Vi a Javier Lizarza en varias ocasiones durante los últimos años cinco o seis años, casi siempre quedando para comer con él y con Ángel Maestro en un restaurante de la calle Alfonso X, algunas veces con un grupo de navarros en otro de la calle Larra, donde también tuvo tertulia un célebre ministro de UCD, creo que Abril Martorell. Casi enfrente de este local estaba la antigua sede del diario Arriba, adonde hace muchos años y por unos meses solía ir yo de madrugada a trabajar repartiendo ejemplares a los suscriptores y apuntando de paso direcciones con vistas a futuras acciones punitivas; lo he contado en De un tiempo y de un país (tiempo aquel cuando tantos antifranquistas de hoy medraban en el aparato del régimen o se aprestaban a aprovechar los previsibles cambios políticos sin haber hecho nada por causarlos).
Lizarza y los demás discutíamos de la situación del país, o bromeábamos sobre cualquier asunto que surgiera, o intercambiábamos libros. Y ahora ha fallecido. Persona difícil de olvidar: generoso, valiente, honrado, alegre y discreto, esas cualidades que antes abundaban en España –eso dicen, al menos–, pero que ahora, en todo caso, van cediendo ante la inversión de valores que entiende la picaresca, la cobardía, la euforia trivial y el más indigno espíritu chismoso como virtudes a cultivar para entrar en la modernidad o no se sabe donde.

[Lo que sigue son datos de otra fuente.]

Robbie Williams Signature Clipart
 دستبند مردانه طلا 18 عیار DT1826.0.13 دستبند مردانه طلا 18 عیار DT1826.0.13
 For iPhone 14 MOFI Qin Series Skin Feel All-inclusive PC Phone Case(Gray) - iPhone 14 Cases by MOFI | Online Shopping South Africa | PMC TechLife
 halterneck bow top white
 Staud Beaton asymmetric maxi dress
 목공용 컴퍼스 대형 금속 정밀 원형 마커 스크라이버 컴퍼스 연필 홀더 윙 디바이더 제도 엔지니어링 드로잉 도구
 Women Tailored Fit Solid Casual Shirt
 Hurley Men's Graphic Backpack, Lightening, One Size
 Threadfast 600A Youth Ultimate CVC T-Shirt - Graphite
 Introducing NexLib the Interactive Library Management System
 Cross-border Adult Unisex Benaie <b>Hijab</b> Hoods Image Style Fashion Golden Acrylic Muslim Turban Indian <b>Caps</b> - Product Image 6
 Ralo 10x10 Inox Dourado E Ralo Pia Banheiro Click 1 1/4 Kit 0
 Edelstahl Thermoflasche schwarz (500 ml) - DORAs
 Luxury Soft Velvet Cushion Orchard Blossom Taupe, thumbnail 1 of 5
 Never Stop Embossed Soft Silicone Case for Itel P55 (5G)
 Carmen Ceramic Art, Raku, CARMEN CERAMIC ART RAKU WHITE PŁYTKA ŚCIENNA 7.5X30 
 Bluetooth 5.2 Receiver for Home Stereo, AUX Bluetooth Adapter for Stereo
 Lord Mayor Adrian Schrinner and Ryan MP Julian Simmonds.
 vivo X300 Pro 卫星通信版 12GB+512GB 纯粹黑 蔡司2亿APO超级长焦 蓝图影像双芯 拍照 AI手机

Javier era hijo del famoso Antonio, el conspirador y organizador del Requeté, que tanto juego dio en la guerra de España. Antonio Lizarza cayó en manos de las izquierdas al empezar la guerra, y pudo salir de la zona, salvando probablemente la vida, gracias a Jesús Monzón, amigo suyo de Pamplona y dirigente comunista que años más tarde organizaría la invasión del maquis por el valle de Arán. Perseguido por Carrillo, Monzón se salvó de ser liquidado en la frontera por los agentes carrillistas gracias a haber sido detenido en Barcelona por la policía de Franco. Salvación provisional, porque le esperaba una segura pena de muerte. De ella le libró, según parece, la intervención de Antonio Lizarza. La vida da muchas vueltas.
Tradicionalista como su padre, Javier mantenía la llama de sus ideales sufragando algunas publicaciones, misas y actos, tratando de contrarrestar, en la medida de sus fuerzas, los avances del separatismo en su tierra y en las Vascongadas; sin que faltaran retorcidos pasmarotes entre sus correligionarios que se preguntaban “con qué intención hace todo eso”. Ahora esa actividad será más difícil. El carlismo ha sufrido una serie de avatares autodestructivos que muchos considerarán excelentes noticias. Pero no debe olvidarse que no fueron los carlistas quienes se pusieron a incendiar logias, sinagogas o sedes de partidos contrarios, sino estos partidos los que emprendieron como un deporte la quema de iglesias, bibliotecas y demás, y con esas y otras actividades terminaron por llevar al desastre a la república y, lo que es mucho peor, al país.
No pude tratarle mucho, pero sí lo bastante para considerarle, y creo que también él a mí, un verdadero amigo.